Sebagai orangtua, kurasakan tekanan semakin besar saat anakku mulai beranjak ke usia sekolah. Aku semakin dikejar waktu, untuk mengajarkan banyak keterampilan dan pengetahuan bagi anakku. Agar nanti tak merasa rendah diri dan malu karena tak mampu.
Aku mulai merasa jengkel, saat anakku susah membedakan antara huruf dan angka. Merasa geregetan, ketika jemarinya tak bisa memegang pensil dengan benar. Terkadang, suaraku bernada amarah, jika anakku belum mampu mengikat tali sepatu yang sebenarnya mudah. Â
Perbandingan demi perbandingan mulai kulakukan. Dan merasa kecewa, menerima kenyataan jika segala yang sudah aku upayakan, ternyata anakku tak bisa seperti teman-temannya.
Melihat itu, maka semakin banyak keinginan-keinginan yang tersusun di pikiran, tentang hal-hal yang mesti diketahui oleh anakku. Sebagai bekal mereka nanti, agar aku tak ditahbiskan sebagai orangtua yang gagal.
Kukira, aku belum menjelaskan tentang cinta pada anakku. Bagaimana caraku mencintainya, dan berharap ia mengerti, terkadang cinta tak perlu dikatakan, tapi dirasakan dan diperlihatkan.
Akupun ingin anakku mengerti bahwa dunia ini adalah mengenai orang. Bahwa yang didapatkan adalah dari apa yang diberikan. Kebahagiaan itu akan terjadi dengan mencintai, bukan membenci. Dengan saling menolong, bukan saling menyakiti.
Ingin aku menjelaskan tentang kejujuran dan integritas diri. Bahwa bernilainya seseorang bukan saja dari pengetahuan dan harta benda yang dimiliki. Tapi juga dari komitmen dan konsistensi untuk saling menghargai.
Setahun lalu, saat anakku menyelesaikan SMP, dan berujar ingin melanjutkan sekolah ke luar daerah. Aku kembali terjebak pada pertanyaan, "apa yang aku inginkan sebagai orangtua, agar diketahu oleh anakku?"
Akhirnya, akupun memilih berdamai dengan inginku. Aku mesti mengubah persepsiku sebagai orangtua. Kukira sudah saatnya, kuikuti sesuai keinginan anakku. Bukan lagi sesuai keinginanku.

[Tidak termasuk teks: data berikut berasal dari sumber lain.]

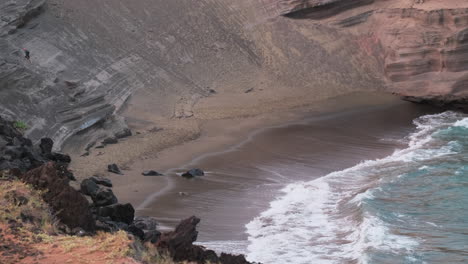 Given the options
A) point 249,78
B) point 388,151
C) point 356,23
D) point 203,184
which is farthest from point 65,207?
point 356,23

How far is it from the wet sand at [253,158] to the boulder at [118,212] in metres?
1.24

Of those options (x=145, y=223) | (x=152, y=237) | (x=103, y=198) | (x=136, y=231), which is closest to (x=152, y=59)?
(x=103, y=198)

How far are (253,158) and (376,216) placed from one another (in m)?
5.37

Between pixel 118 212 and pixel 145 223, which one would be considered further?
pixel 145 223

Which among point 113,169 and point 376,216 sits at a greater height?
point 113,169

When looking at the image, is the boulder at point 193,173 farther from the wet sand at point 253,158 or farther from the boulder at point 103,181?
the boulder at point 103,181

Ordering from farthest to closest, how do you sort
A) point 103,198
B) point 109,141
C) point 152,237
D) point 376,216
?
point 109,141, point 376,216, point 103,198, point 152,237

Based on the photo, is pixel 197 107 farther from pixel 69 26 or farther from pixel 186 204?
pixel 186 204

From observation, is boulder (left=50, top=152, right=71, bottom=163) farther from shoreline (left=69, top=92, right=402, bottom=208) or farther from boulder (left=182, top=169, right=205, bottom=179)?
boulder (left=182, top=169, right=205, bottom=179)

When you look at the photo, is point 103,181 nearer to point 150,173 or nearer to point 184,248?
point 150,173

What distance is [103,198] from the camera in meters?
13.0

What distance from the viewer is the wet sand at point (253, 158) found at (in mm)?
14203

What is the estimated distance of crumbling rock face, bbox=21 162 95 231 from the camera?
9.44m

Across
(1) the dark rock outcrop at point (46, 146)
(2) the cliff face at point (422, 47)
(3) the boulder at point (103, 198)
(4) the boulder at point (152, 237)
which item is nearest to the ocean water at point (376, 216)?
(4) the boulder at point (152, 237) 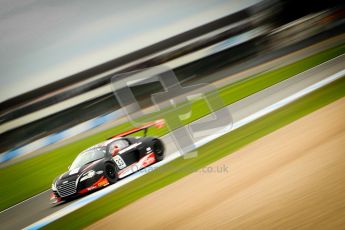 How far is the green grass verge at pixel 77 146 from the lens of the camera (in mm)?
9234

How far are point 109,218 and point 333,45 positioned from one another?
1560 cm

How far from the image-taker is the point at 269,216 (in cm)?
404

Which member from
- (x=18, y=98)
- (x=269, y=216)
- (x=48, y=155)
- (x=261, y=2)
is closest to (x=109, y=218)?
(x=269, y=216)

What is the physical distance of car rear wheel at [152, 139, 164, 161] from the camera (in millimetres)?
7945

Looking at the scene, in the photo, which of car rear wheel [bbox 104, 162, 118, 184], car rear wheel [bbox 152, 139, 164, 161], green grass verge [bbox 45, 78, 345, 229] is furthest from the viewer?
car rear wheel [bbox 152, 139, 164, 161]

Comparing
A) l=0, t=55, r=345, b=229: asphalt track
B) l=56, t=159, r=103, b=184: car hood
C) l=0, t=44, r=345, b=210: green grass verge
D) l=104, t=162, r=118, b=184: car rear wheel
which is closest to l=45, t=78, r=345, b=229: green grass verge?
l=104, t=162, r=118, b=184: car rear wheel

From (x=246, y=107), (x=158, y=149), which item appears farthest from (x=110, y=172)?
(x=246, y=107)

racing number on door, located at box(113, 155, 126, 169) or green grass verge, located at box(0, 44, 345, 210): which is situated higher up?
green grass verge, located at box(0, 44, 345, 210)

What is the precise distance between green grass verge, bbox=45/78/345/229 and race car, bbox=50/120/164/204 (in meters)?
0.41

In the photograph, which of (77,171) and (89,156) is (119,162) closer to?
(89,156)

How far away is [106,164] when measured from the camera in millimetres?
7082

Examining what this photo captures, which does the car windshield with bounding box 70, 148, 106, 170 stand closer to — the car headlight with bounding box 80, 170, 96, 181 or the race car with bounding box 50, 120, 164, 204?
the race car with bounding box 50, 120, 164, 204

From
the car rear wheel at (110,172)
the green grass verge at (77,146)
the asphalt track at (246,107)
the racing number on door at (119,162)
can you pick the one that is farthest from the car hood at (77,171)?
the green grass verge at (77,146)

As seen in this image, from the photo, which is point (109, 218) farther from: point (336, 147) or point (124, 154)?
point (336, 147)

Namun, batasan awal dan akhir pembelajaran itu, tak akan kujumpai ketika aku harus mengajarkan anak laki-laki menjadi pria dewasa, atau menjadikan anak gadisku menjadi seorang wanita. Pembelajaran itu, akan terus berlangsung seumur hidupnya.
Memilih untuk melupakan "seharusnya" mengajar, menghindar dengan alasan lelah mengajarkan, atau memilih untuk tidak perlu lagi mengajarkan. Tak akan menghilangkan "tugas" sebagai orangtua, tapi malah mengajarkan pelajaran masa bodoh pada anakku.
Aih, entahah! Aku masih merasakan banyak pekerjaan rumah sebagai orangtua bagi anakku. Tentang begitu penting dan ajaibnya memiliki "rasa percaya diri". Betapa hebatnya kekuatan tekad yang mampu menghapus kata pasrah dan menyerah.
Apalagi menitipkan pesan, tentang begitu nikmat dan indahnya rasa bersyukur. Terkadang, aku lupa dengan satu pepatah kuno bangsa Arab, yang berlaku berabad-abad lalu.
"Menilai pohon kurma dengan melihat buahnya, bukan dengan memeriksa akarnya!"